We sought to determine whether elimination of pulmonary vein (PV) arrhythmogenicity is necessary for the efficacy of left atrial circumferential ablation (LACA) for atrial fibrillation (AF).


The PVs often provide triggers or drivers of AF. It has been shown that LACA is more effective than PV isolation in eliminating paroxysmal AF. However, it is not clear whether complete PV isolation is necessary for the efficacy of LACA.


In 60 consecutive patients with paroxysmal (n = 39) or chronic (n = 21) AF (mean age 53 +/- 12 years), LACA to encircle the left- and right-sided PVs, with additional lines in the posterior left atrium and along the mitral isthmus, was performed under the guidance of an electroanatomic navigation system. The PVs were mapped with a decapolar ring catheter before and after LACA. If PV isolation was incomplete, no attempts at complete isolation were made.

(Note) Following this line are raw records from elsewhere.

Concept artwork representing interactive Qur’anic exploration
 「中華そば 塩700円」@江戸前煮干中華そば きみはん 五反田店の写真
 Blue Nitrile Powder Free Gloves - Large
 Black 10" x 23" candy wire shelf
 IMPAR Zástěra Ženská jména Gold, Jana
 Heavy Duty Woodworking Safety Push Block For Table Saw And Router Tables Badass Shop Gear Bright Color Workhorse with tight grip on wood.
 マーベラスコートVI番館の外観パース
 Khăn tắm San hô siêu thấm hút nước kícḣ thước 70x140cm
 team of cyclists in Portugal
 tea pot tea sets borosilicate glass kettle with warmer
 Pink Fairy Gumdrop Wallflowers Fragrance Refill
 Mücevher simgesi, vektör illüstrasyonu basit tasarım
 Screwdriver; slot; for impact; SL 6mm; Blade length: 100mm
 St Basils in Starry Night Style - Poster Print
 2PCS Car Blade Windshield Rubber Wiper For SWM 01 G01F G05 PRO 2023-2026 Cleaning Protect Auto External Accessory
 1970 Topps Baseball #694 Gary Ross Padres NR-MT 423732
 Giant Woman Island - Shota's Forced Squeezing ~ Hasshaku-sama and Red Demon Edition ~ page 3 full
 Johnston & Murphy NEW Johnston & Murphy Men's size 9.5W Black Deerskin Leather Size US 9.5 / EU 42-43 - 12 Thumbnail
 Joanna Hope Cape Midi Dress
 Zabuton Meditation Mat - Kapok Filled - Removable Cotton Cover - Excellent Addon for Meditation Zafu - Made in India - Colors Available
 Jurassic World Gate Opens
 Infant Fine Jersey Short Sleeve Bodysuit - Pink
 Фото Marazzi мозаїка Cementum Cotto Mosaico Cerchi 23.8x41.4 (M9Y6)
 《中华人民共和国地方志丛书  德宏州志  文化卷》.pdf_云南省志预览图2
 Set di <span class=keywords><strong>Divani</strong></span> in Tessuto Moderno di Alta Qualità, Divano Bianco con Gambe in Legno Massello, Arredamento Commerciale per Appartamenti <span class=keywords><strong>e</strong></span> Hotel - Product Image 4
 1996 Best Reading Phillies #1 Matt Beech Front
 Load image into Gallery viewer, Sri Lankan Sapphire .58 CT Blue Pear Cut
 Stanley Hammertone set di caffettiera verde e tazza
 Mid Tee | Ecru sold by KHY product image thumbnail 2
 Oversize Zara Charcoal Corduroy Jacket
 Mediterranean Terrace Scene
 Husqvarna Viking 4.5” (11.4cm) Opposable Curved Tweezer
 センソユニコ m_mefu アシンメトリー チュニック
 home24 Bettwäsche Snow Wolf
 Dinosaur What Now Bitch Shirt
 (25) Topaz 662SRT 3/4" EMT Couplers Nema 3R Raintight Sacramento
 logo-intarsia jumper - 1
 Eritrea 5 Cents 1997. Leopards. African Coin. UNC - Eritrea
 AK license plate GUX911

After LACA, there was incomplete electrical isolation of one or more PVs in 48 (80%) of the 60 patients. The prevalence of PV tachycardias was 82% before and 8% after LACA (p < 0.001). At 11 +/- 1 months of follow-up, 10 (83%) of the 12 patients with complete and 39 (81%) of 48 patients with incomplete PV isolation were free from recurrent AF without antiarrhythmic drug therapy (p = 1.0). A successful outcome was not related to the number of completely isolated PVs per patient (p = 0.6).


Left atrial circumferential ablation modifies the arrhythmogenic substrate within the PVs. Complete electrical isolation of the PVs is not a requirement for a successful outcome after LACA.